FC Dinamo București
- Manager: Mircea Rednic (rounds 1-6), Walter Zenga (rounds 7-16), Cornel Țălnar (rounds 17-21, 27-34), Gheorghe Mulțescu (rounds 22-26)
- Liga I: 4th
- Romanian Cup: Quarterfinals
- UEFA Champions League: 3rd qual. round
- UEFA Cup: 1st round
- Top goalscorer: Ionel Dănciulescu (21 goals)
- ← 2006–072008-09 →

= 2007–08 FC Dinamo București season =

The 2007–08 season was FC Dinamo București's 59th season in Liga I. The season found the Dinamo fans hoping for another title in Romania and a qualification in the group stage of the UEFA Champions League.

==Champions League==
Dinamo entered the competition in the third qualifying round, and faced Lazio. The two clubs contested the first leg in Rome at the Stadio Olimpico on 14 August and the second leg on 28 August on Lia Manoliu National Stadium. The first leg ended in a 1–1 draw; Ionel Danciulescu scored first with a perfect header after a cross from Cristian Pulhac, but Lazio equalised in the second-half with a header from Massimo Mutarelli. In the first-half, Bogdan Lobonț saved a penalty from Tommaso Rocchi after Ștefan Radu committed had committed a handball in the penalty area.

The second leg was played on Lia Manoliu National Stadium. The first half ended in a 1–0 lead for Dinamo thanks to a goal scored by Florin Bratu on a 30-meter sprint. Dinamo, however, conceded three goals in the second-half, caused by three defensive mistakes, the first being a penalty kick scored by Rocchi after a foul by Valentin Nastase, who left the team following the match.

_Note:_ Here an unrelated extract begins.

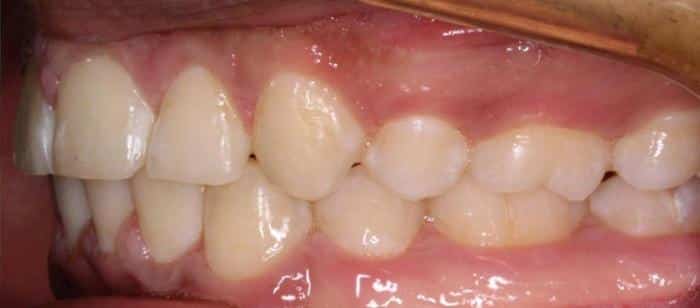 AdultTeen-Tooth-Extractions-After.jpg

The game ended in a 3–1 loss for Dinamo, thus eliminating them from the Champions League. The elimination led also Mircea Rednic to resign from his head coaching position, being replaced by Walter Zenga.

==UEFA Cup==
Dinamo challenged Sweden champions IF Elfsborg in the UEFA Cup first round and were eliminated after a 1–2 loss at home and a 1–0 win in Borås. Dinamo's only achievable goal remained the Romanian Championship. Winning the title would have qualified it directly to next season's Champions League group stage.

==Managerial changes==
Walter Zenga left Dinamo after two disappointing derbies against Rapid București at home (0–2) and Steaua București away (1–0) with a poor defensive play that was opposing with the team's very strong playing offensive. After collecting zero points in these crucial games, he was replaced by Cornel Țălnar with whom Dinamo had a debut in Liga I 3–1 against UTA Arad on 1 December 2007.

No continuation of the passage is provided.